▸ **RAW DATA**
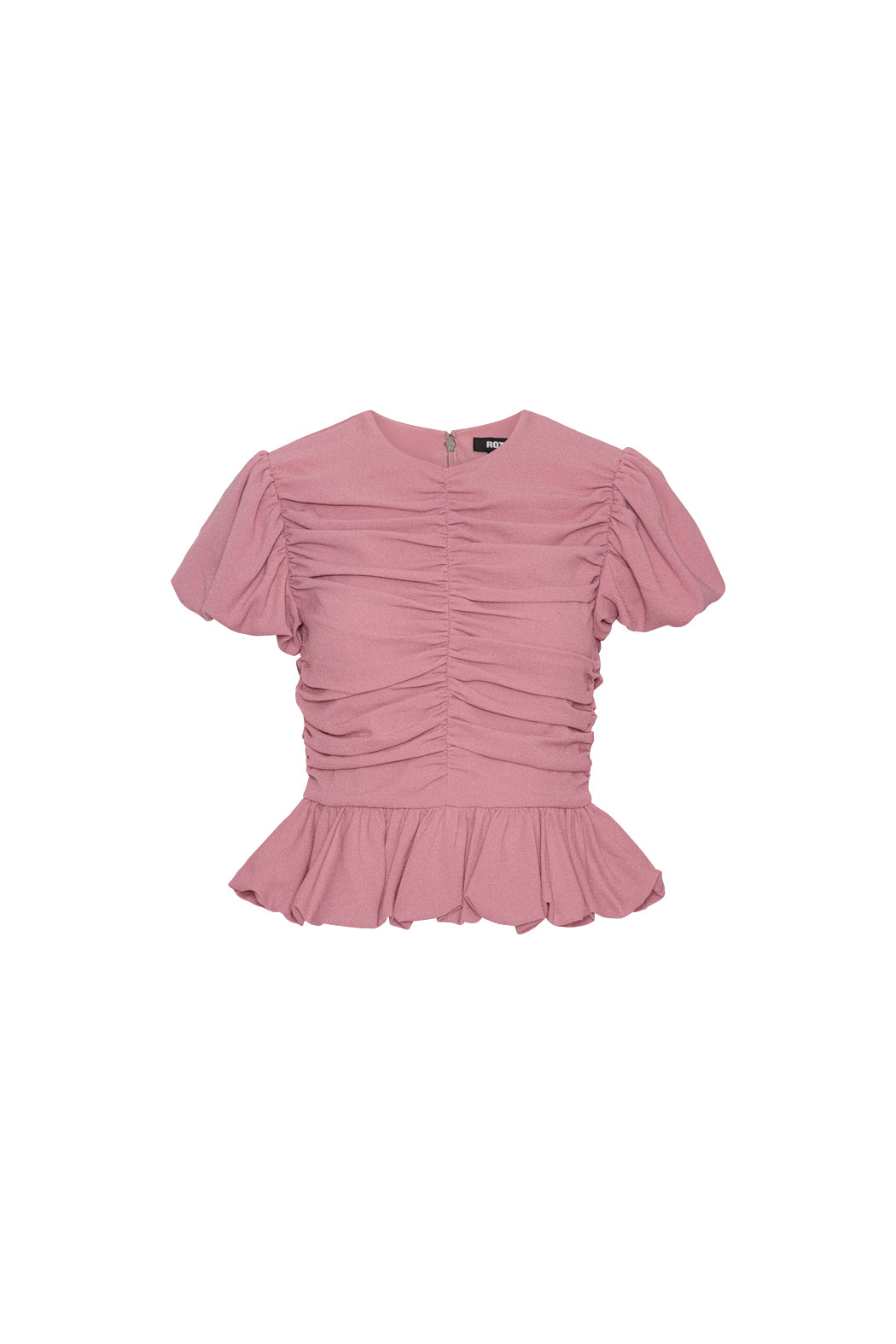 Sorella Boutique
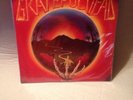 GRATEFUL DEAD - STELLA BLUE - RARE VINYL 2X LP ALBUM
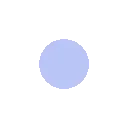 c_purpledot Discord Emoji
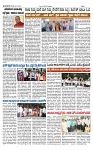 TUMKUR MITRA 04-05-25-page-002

--

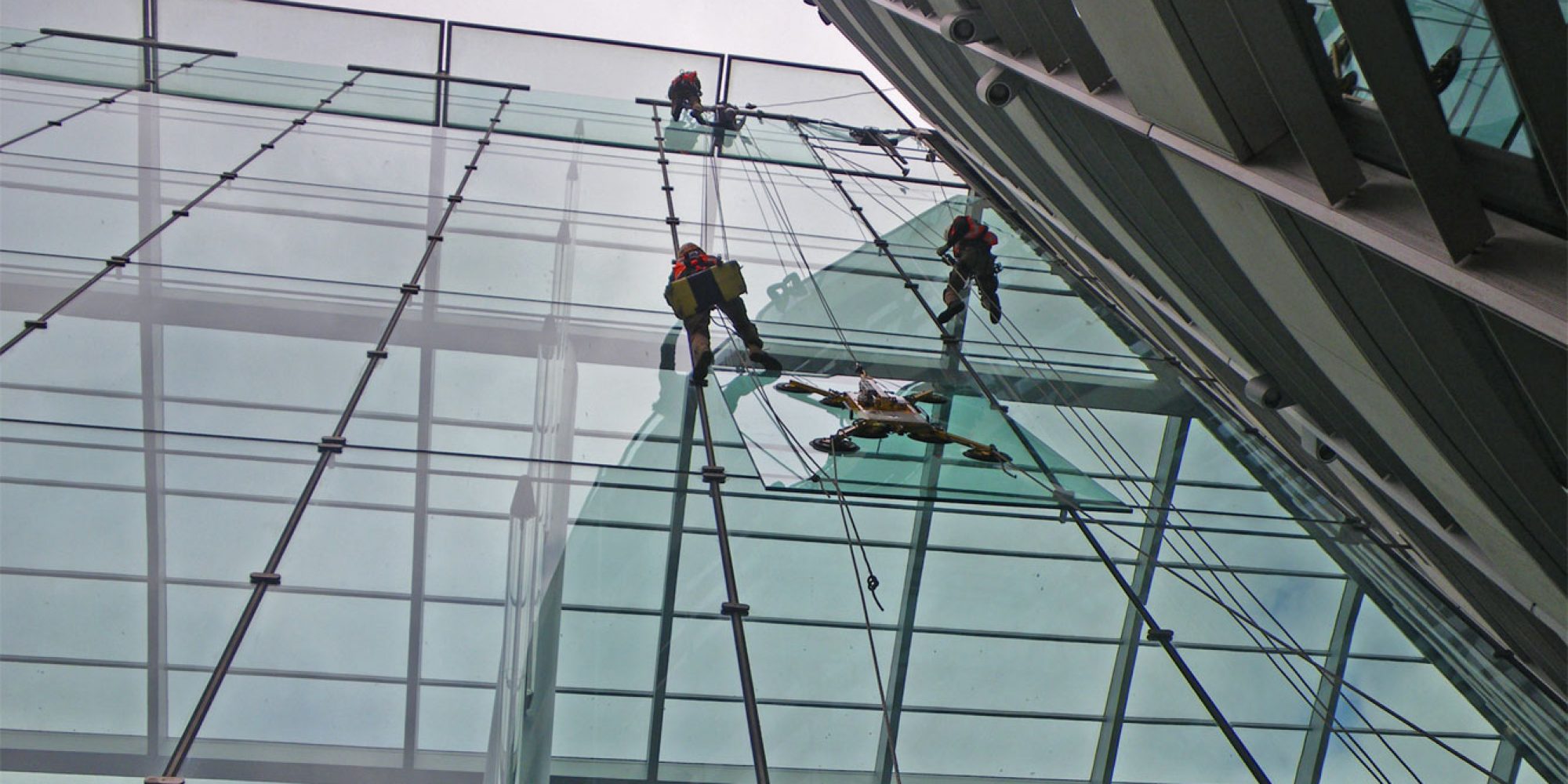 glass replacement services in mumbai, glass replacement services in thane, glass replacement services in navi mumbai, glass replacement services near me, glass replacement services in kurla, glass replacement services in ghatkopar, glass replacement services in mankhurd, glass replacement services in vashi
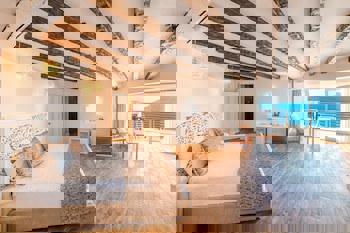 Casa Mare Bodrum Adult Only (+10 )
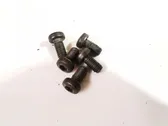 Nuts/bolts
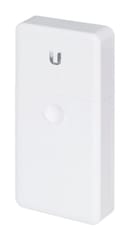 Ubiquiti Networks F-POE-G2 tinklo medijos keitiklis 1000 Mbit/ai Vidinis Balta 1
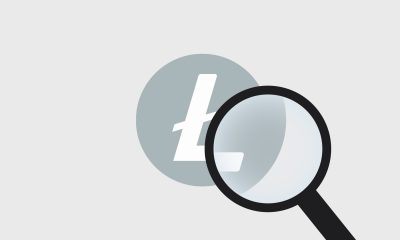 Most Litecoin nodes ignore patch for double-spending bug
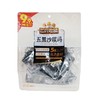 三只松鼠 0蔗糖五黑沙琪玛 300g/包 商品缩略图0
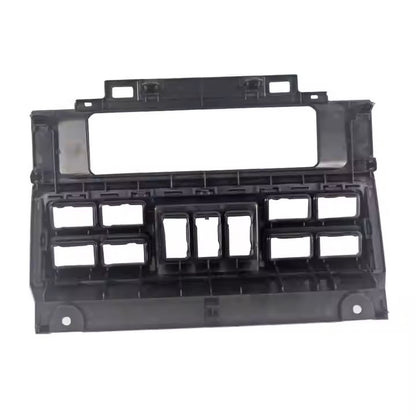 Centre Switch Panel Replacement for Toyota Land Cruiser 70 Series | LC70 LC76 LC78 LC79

▸ **ASSIGNMENT**
When you reach the line that has "Sorella Boutique" in the data above, start repeating lines exactly, and stop after the line that has "TUMKUR MITRA 04-05-25-page-002"; pictures stay out.

▸ **WRITTEN ANSWER**
 Sorella Boutique
 GRATEFUL DEAD - STELLA BLUE - RARE VINYL 2X LP ALBUM
 c_purpledot Discord Emoji
 TUMKUR MITRA 04-05-25-page-002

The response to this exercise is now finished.